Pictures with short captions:
______________________________
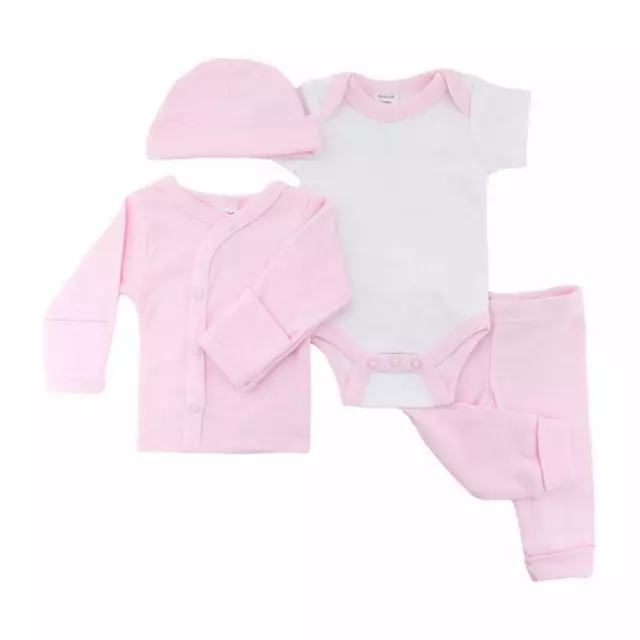 Premature Tiny Baby 4 Piece Layette Clothing Set Hat Prem Plain White Pink Blue 3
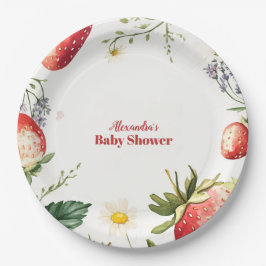 Berry Sweet Strawberry Girl Babydusche Pappteller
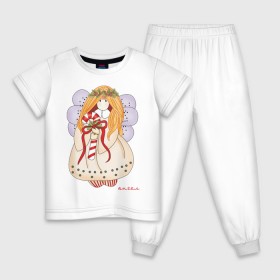Детская пижама хлопок с принтом Рождественский ангел в Белгороде, 100% хлопок |  брюки и футболка прямого кроя, без карманов, на брюках мягкая резинка на поясе и по низу штанин
 | 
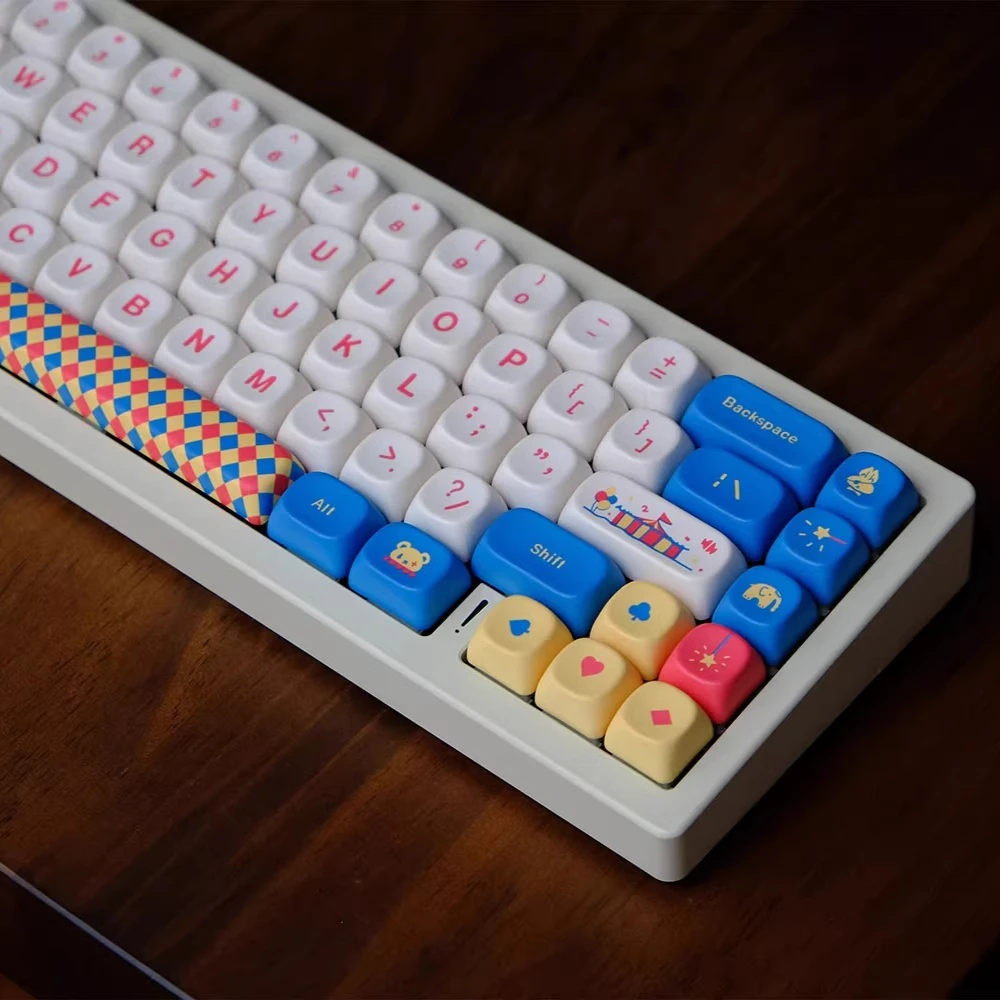 

Circus Keycap MOA Profile PBT Термосублимационные пользовательские колпачки для механической игровой клавиатуры Синий Розовый Персонализированные колпачки для клавиш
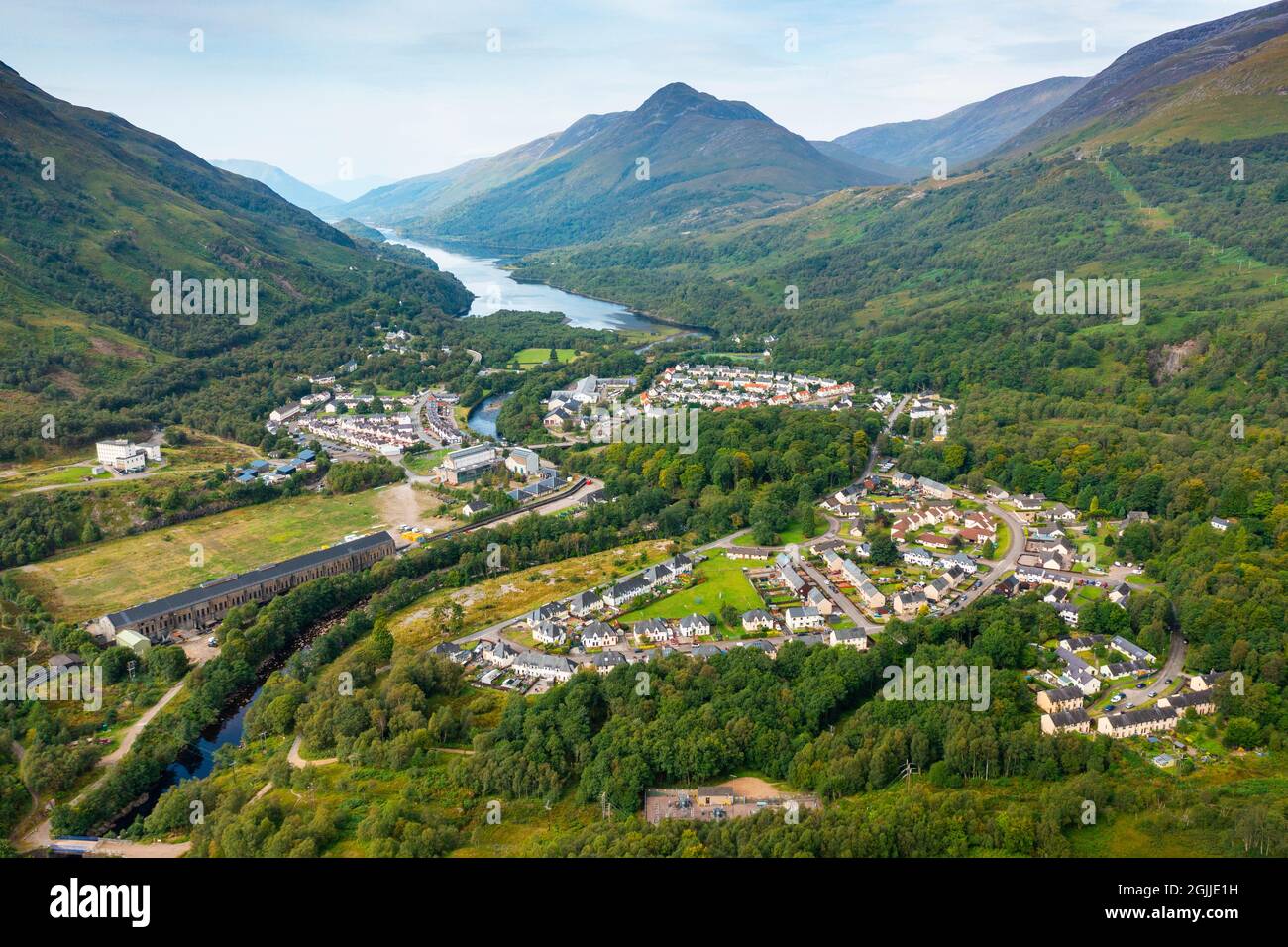 Aerial view from drone of villages of Kinlochleven left and Kinlochmore, Lochaber, Highland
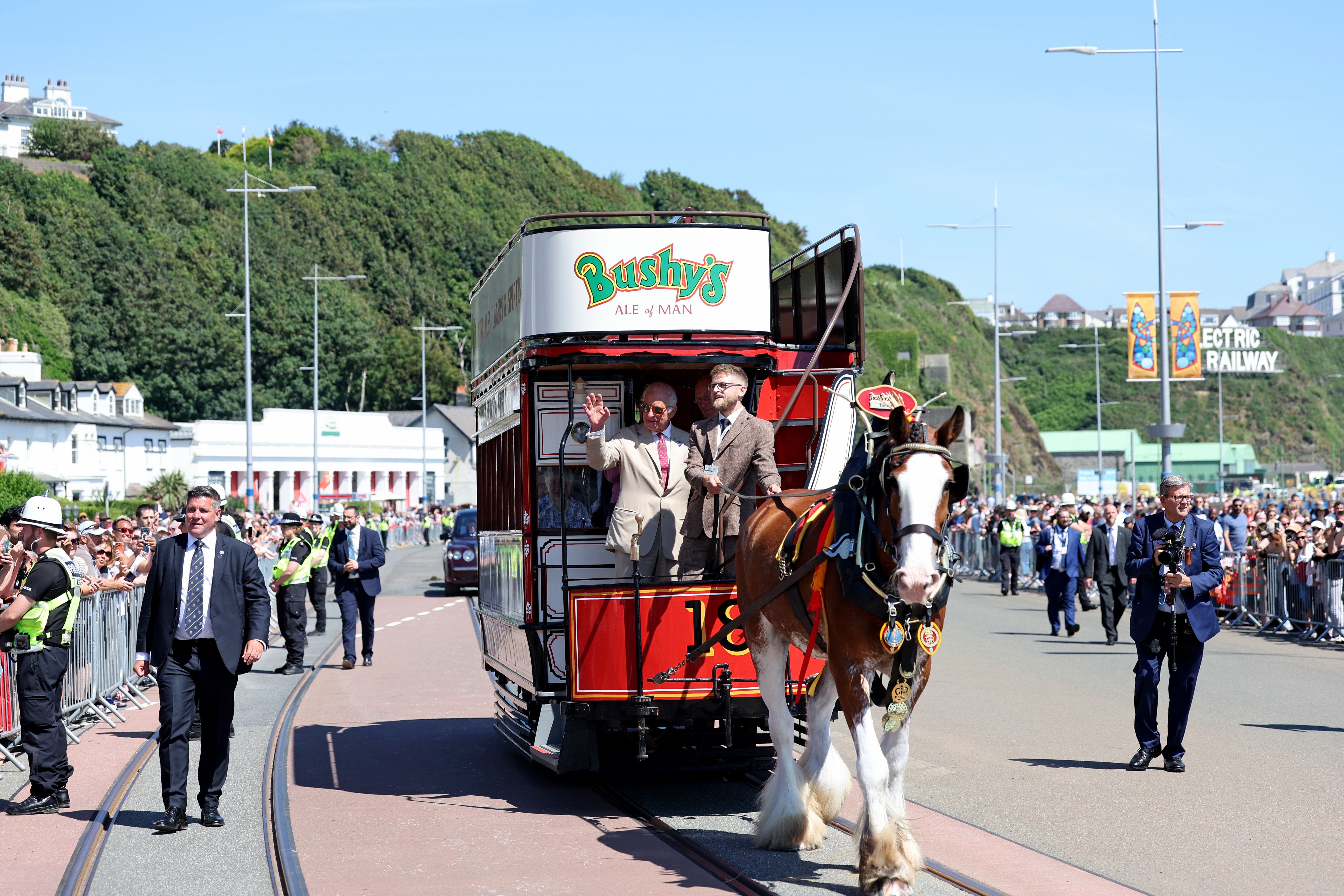 King Charles III, Lord of Mann, takes a ride on one of the island’s horse trams (PA)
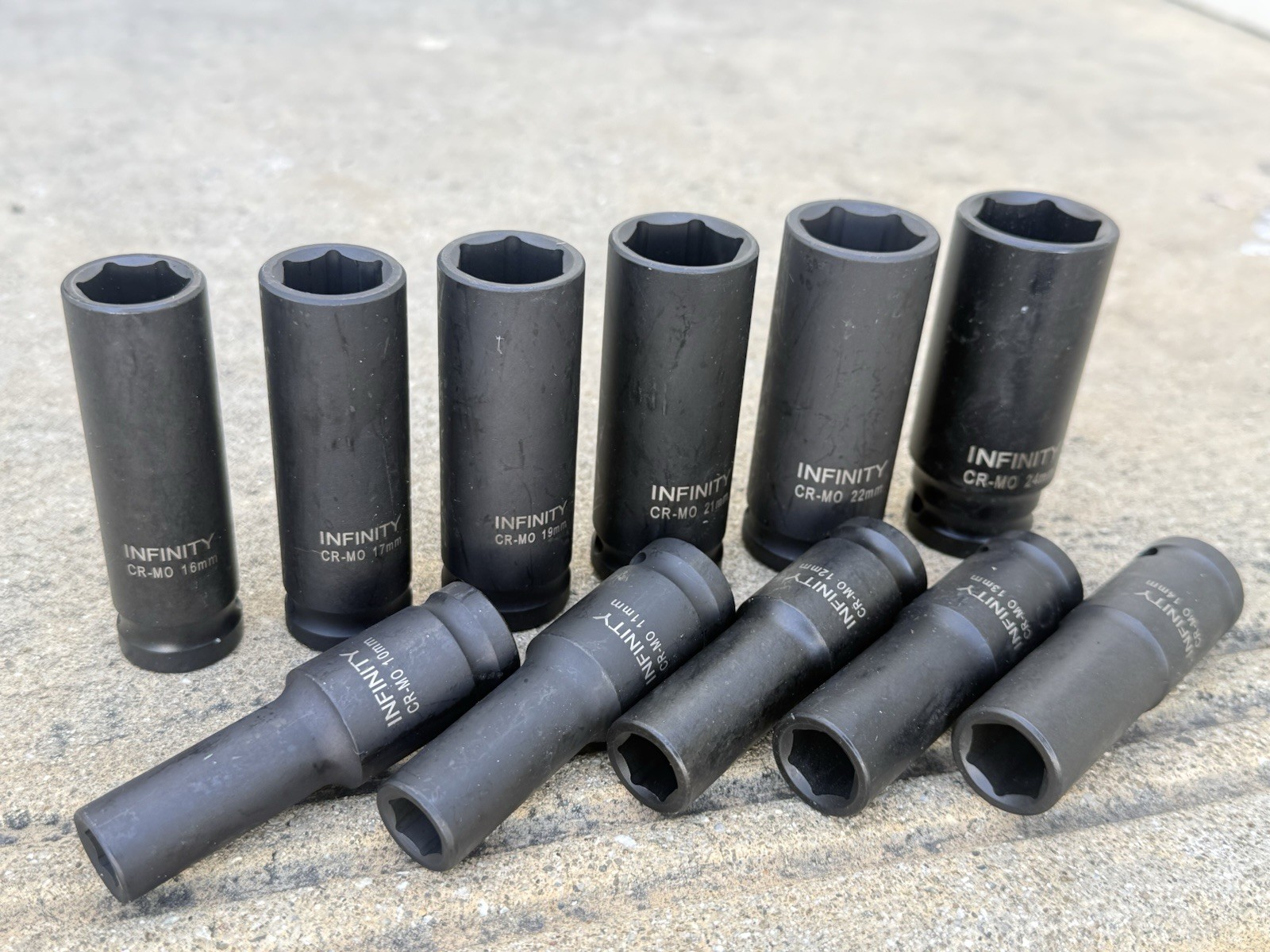 12PC 1/2″ Dr. Deep Impact Metric Socket Set 6 Point 10mm – 24 MM W/ CASE
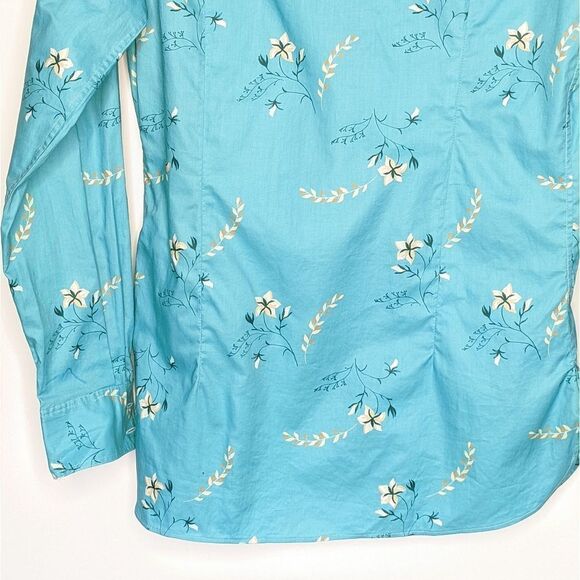 Tucker Tailored Tenzin Button Up Aqua Wildflowers in Light Weight Cotton - Picture 7 of 8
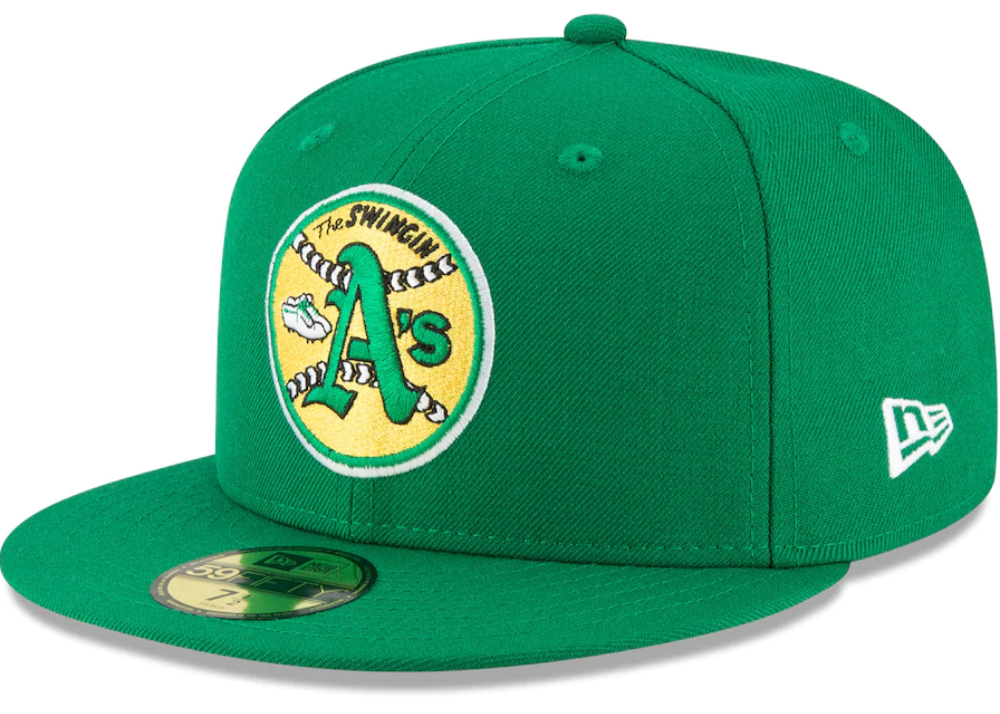 Men s Oakland Athletics New Era Green Cooperstown Collection Wool 59FIFTY Fitted Hat Official Team Hat Sports Fan Cap Official MLB Team Hat Baseball F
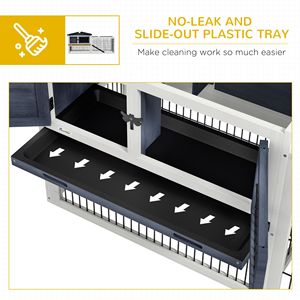 Jaula para conejos de exterior gris oscuro de 2 niveles y 59 pulgadas con techo abatible - Product Image 5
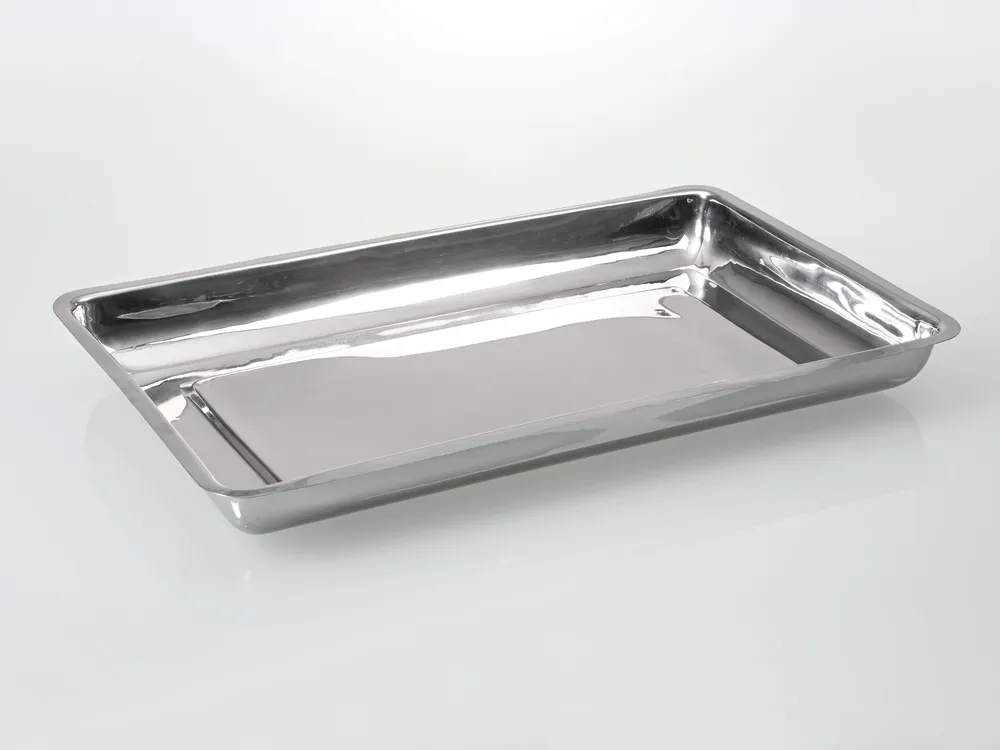 Bac de laboratoire en acier inoxydable 1.4301, forme basse, 500 x 300 mm, UV = 3 pièces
______________________________
▶ TASK DIRECTIONS
Set down only the lines running from the line with "Men s Oakland" to the end of the entries, inclusive; omit every picture.

▶ RESULT
 Men s Oakland Athletics New Era Green Cooperstown Collection Wool 59FIFTY Fitted Hat Official Team Hat Sports Fan Cap Official MLB Team Hat Baseball F
 Jaula para conejos de exterior gris oscuro de 2 niveles y 59 pulgadas con techo abatible - Product Image 5
 Bac de laboratoire en acier inoxydable 1.4301, forme basse, 500 x 300 mm, UV = 3 pièces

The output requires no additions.